Tujuan di balik ekspansi NED AS di Taiwan kian terang menyusul komentar presiden IRI Daniel Twining bahwa pihaknya akan bekerja dengan sejumlah mitra untuk menyoroti demokrasi yang berjalan tertatih-tatih di Taiwan, “memperkuat jaringan aktor demokrasi Asia dan membangun ketahanan terhadap pengaruh negara otoriter yang jahat di kawasan… Saat PKC [Partai Komunis China] menjadi lebih agresif dalam melanggar tatanan berbasis aturan global, sekarang saatnya bagi semua negara demokrasi… untuk berinvestasi dalam memperkuat hubungan dengan Taiwan.”

Dengan kata lain, langkah NED AS di Taiwan dimaksudkan untuk berkontribusi pada kampanye Washington yang lebih luas untuk mengepung dan menahan tidak hanya China tetapi juga memicu kerusuhan yang didanai AS yang menargetkan sekutu regional terdekat China.
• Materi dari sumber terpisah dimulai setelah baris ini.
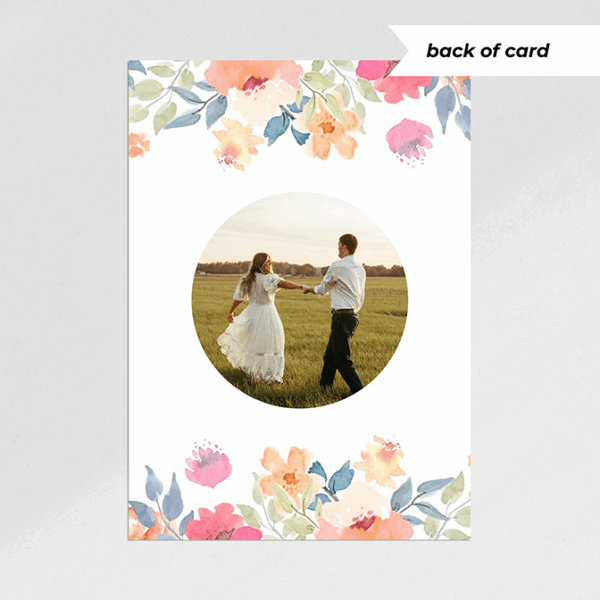 Pastel Painted Floral Save the Date - Image 2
Gerakan kemerdekaan di Taiwan telah mengidentifikasi diri mereka sebagai bagian dari apa yang disebut “Aliansi Teh Susu” – sebuah front persatuan dari kelompok oposisi yang didanai AS dari seluruh wilayah yang mencoba untuk memaksa pemerintah mereka masing-masing ke dalam sikap konfrontatif terhadap Beijing. Baru-baru ini, termasuk oposisi di Hong Kong dan protes anti-pemerintah di Thailand.

Ketika AS jelas mengandalkan investasi besar dalam “soft power” serta campur tangan politik AS di seluruh wilayah, China JUSTRU malah berfokus pada hubungan ekonomi yang didukung oleh prinsip-prinsip non-campur tangan.

Maka tidaklah mengherankan bahwa kawasan Asia lebih memberikan respon positif terhadap strategi China yang lebih mengedepankan prinsip-prinsip non-campiur tangan dari strategi AS yang cenderung sebaliknya.

Masa Depan Taiwan Tidak Bisa Dihindari

AS dan juga media-media Barat turut mewarnai framing media global dengan terus mem-blow up narasi-narasi invasi China yang akan datang ke Taiwan. Narasi ini juga digunakan untuk membenarkan penjualan senjata AS kepada militer Taiwan termasuk kesepakatan senjata baru-baru ini senilai beberapa miliar dolar AS.

Hal ini sebagaimana dimuat dalam Business Insider dalam artikelnya berjudul, “Invasi China ke Taiwan tidak akan mudah, dan 400 rudal anti-kapal yang direncanakan AS untuk dijual ke Taiwan akan membuatnya semakin sulit.”

Kurang dari seminggu setelah resmi menjual senjata senilai $ 1,8 miliar ke Taiwan, Departemen Luar Negeri AS memberikan laporan kepada Kongres tentang kemungkinan Penjualan Militer Asing ke Taiwan sebesar $ 2,4 miliar yang mencakup ratusan rudal dan peluncur anti-kapal Harpoon.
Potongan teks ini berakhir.